<div class='alert alert-warning'>

SciPy's interactive examples with Jupyterlite are experimental and may not always work as expected. Execution of cells containing imports may result in large downloads (up to 60MB of content for the first import from SciPy). Load times when importing from SciPy may take roughly 10-20 seconds. If you notice any problems, feel free to open an [issue](https://github.com/scipy/scipy/issues/new/choose).

</div>

In [None]:
import numpy as np
from scipy import stats
x, y = [1, 2, 3, 4, 5, 6, 7], [10, 9, 2.5, 6, 4, 3, 2]
res = stats.pearsonr(x, y)
res

PearsonRResult(statistic=-0.828503883588428, pvalue=0.021280260007523286)

To perform an exact permutation version of the test:


In [None]:
rng = np.random.default_rng()
method = stats.PermutationMethod(n_resamples=np.inf, random_state=rng)
stats.pearsonr(x, y, method=method)

PearsonRResult(statistic=-0.828503883588428, pvalue=0.028174603174603175)

To perform the test under the null hypothesis that the data were drawn from
*uniform* distributions:


In [None]:
method = stats.MonteCarloMethod(rvs=(rng.uniform, rng.uniform))
stats.pearsonr(x, y, method=method)

PearsonRResult(statistic=-0.828503883588428, pvalue=0.0188)

To produce an asymptotic 90% confidence interval:


In [None]:
res.confidence_interval(confidence_level=0.9)

ConfidenceInterval(low=-0.9644331982722841, high=-0.3460237473272273)

And for a bootstrap confidence interval:


In [None]:
method = stats.BootstrapMethod(method='BCa', random_state=rng)
res.confidence_interval(confidence_level=0.9, method=method)

ConfidenceInterval(low=-0.9983163756488651, high=-0.22771001702132443)  # may vary

There is a linear dependence between x and y if y = a + b*x + e, where
a,b are constants and e is a random error term, assumed to be independent
of x. For simplicity, assume that x is standard normal, a=0, b=1 and let
e follow a normal distribution with mean zero and standard deviation s>0.


In [None]:
rng = np.random.default_rng()
s = 0.5
x = stats.norm.rvs(size=500, random_state=rng)
e = stats.norm.rvs(scale=s, size=500, random_state=rng)
y = x + e
stats.pearsonr(x, y).statistic

0.9001942438244763

This should be close to the exact value given by


In [None]:
1/np.sqrt(1 + s**2)

0.8944271909999159

For s=0.5, we observe a high level of correlation. In general, a large
variance of the noise reduces the correlation, while the correlation
approaches one as the variance of the error goes to zero.

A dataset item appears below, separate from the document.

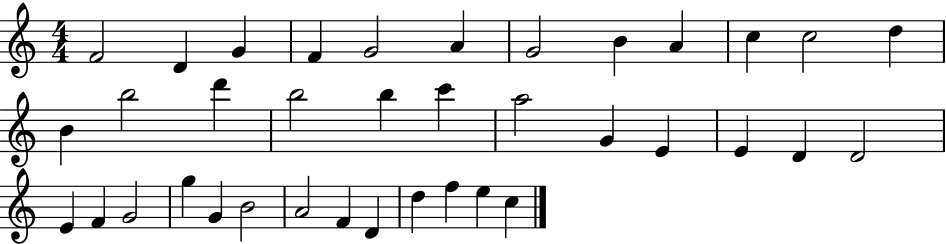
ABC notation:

It is important to keep in mind that no correlation does not imply
independence unless (x, y) is jointly normal. Correlation can even be zero
when there is a very simple dependence structure: if X follows a
standard normal distribution, let y = abs(x). Note that the correlation
between x and y is zero. Indeed, since the expectation of x is zero,
cov(x, y) = E[x*y]. By definition, this equals E[x*abs(x)] which is zero
by symmetry. The following lines of code illustrate this observation:


In [None]:
y = np.abs(x)
stats.pearsonr(x, y)

PearsonRResult(statistic=-0.05444919272687482, pvalue=0.22422294836207743)

A non-zero correlation coefficient can be misleading. For example, if X has
a standard normal distribution, define y = x if x < 0 and y = 0 otherwise.
A simple calculation shows that corr(x, y) = sqrt(2/Pi) = 0.797...,
implying a high level of correlation:


In [None]:
y = np.where(x < 0, x, 0)
stats.pearsonr(x, y)

PearsonRResult(statistic=0.861985781588, pvalue=4.813432002751103e-149)

This is unintuitive since there is no dependence of x and y if x is larger
than zero which happens in about half of the cases if we sample x and y.